Darum, meine lieben Brüder und Schwestern in dem Herrn, lasst uns doch den Herrn ernstlich und mit brünstigem Herzen bitten, daß wir zu dem kleinen Häuflein erkannt und gerechnet werden mögen, und ein Stein an des Herrn Tempel und eine Rebe an des Herrn Weinstocke sein mögen, damit wir unserm Hirten und Bischöfe tapfer bis ans Ende nachfolgen, dann wird es uns wohlgehen, und wir werden in aller Gerechtigkeit und Heiligkeit wandeln, und allezeit an den Tag des Herrn gedenken und von dem Wege des Herrn nicht weichen; dann wird er sich unserer erbarmen und uns gnädig sein; denn er wird die Schafe von den Böcken scheiden, und wird zu denen zu seiner Rechten sagen: Kommt her, ihr Gesegneten, ererbt das Reich, das euch bereitet ist; und zu denen zu seiner linken Seite: Geht, ihr Verfluchten, von mir in das ewige Feuer. Ach, wie jämmerlich wird es dann um diejenigen stehen, welche hier die Menschen mehr gefürchtet haben als den Herrn, ja die jetzt sagen: Der Herr ist gnädig und barmherzig, was zwar die Wahrheit ist; er ist aber auch gerecht, und will, daß man seine Gebote halte. Darum, o liebe Menschen, denkt an den Tag, von welchem Petrus sagt, daß ein Tag vor dem Herrn wie tausend Jahre seien; welch eine jämmerliche Klage wird man dann darüber machen? Seht, meine lieben Brüder und Schwestern, mein Schreibzeug ist nicht ausreichend; deshalb muss ich schließen; darum wollen wir Gefangene hiermit unsern Abschied von euch nehmen, nämlich wir vier; unsere Namen sind euch wohl bekannt; sendet dieses Schreiben auch unserer Schwester Lyntgens Bruder Jan de P. Wir Gefangenen lassen euch mit des Herrn Worte herzlich grüßen; wir sind noch wohlgemut und hoffen auch, dem Herrn ein freiwilliges Opfer zu tun; Gott der Herr wolle uns mit seinem Geiste stärken. Und ihr, liebe Brüder, Bauke, Simon und Pieter, die ihr meine Brüder nach dem Fleische seid, tragt doch Sorge für eure Seelen; lasst es nicht darauf ankommen, daß ihr noch jung seid, denn ihr wisst weder Stunde noch Zeit; auch ist euch so viel offenbart, daß ihr wohl wisst, was die Wahrheit ist. Hiermit will ich euch meinen letzten Abschied zusenden, ich denke nicht, daß ich euch mehr sehen werde; trachtet aber darnach, daß wir einander mit Freuden wiedersehen mögen.

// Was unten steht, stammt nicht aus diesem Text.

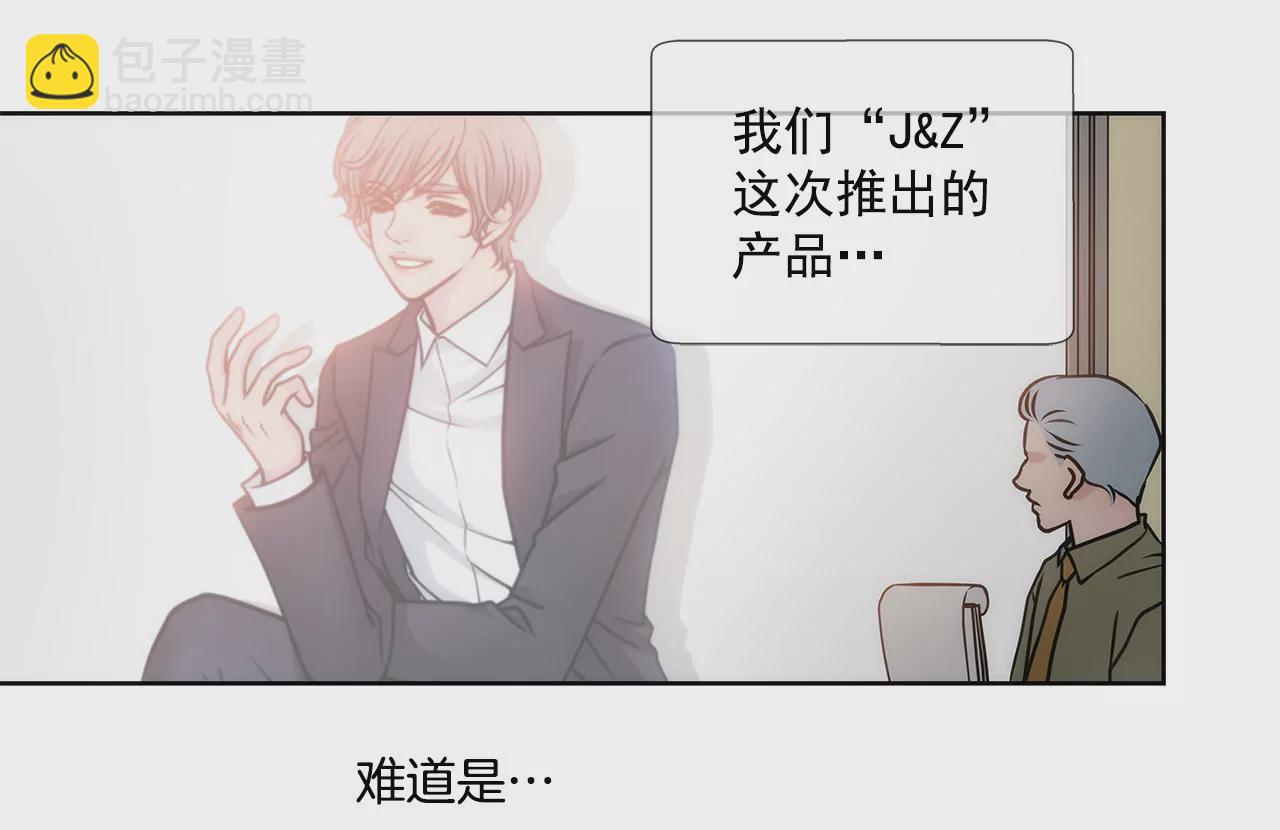 灰姑娘的男人 - 第38話 上班前的準備 - 1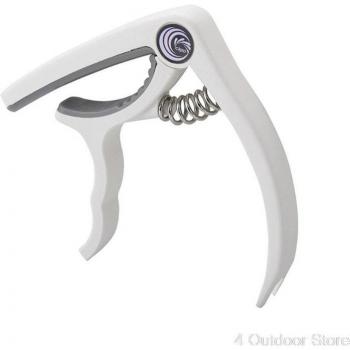 Jy07 20 Guitar Capo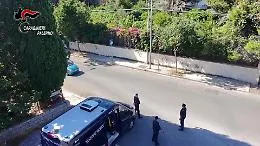 Blitz nel mandamento di San Lorenzo a Palermo, arresti e denunce per spaccio e furto
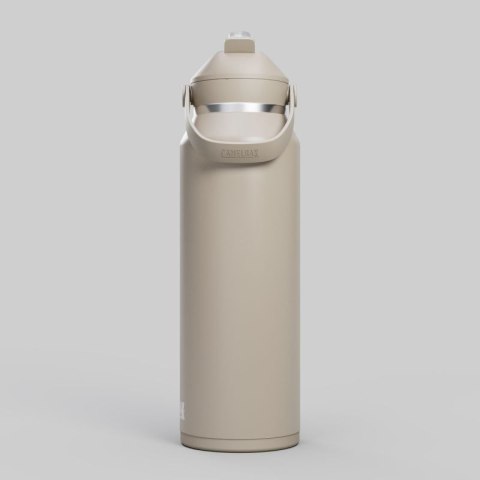 Butelka termiczna CAMELBAK Thrive Flip Straw Insulated SST 1.2L (C3089/201012)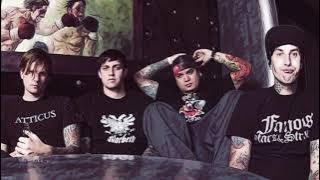 Box Car Racer - I Feel So (Official Isolated Instrumental HQ)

Nun, mein lieber Bruder Bauke, samt deinem Weibe; deine Mutter, deine Schwester und ich, dein Bruder, lassen dich herzlich grüßen, so wie alle Bekannten; hier sende ich euch unsern letzten Gruß: Der Herr wolle uns tüchtig machen, daß wir einander dermaleinst mit Freuden wiedersehen mögen. Claes lässt euch herzlich grüßen; auch lassen wir alle diejenigen grüßen, die unserer im Schreiben eingedenk gewesen sind, wie wir uns denn sehr erfreuen, daß ihr noch solche Lust zu der Wahrheit habt. Hiermit nehmen wir von unsern lieben Brüdern und Glaubensgenossen unsern letzten Abschied; der Herr wolle euch alle bewahren, in Gerechtigkeit und Heiligkeit, Amen.

Geschrieben in unserm dunklen Gefängnisse, mit schlechtem Schreibzeuge; darum nehmt es zum Besten auf. Gegeben den 95. Tag unserer Gefangenschaft im Jahre 1571, den 14. Juni, in Deventer.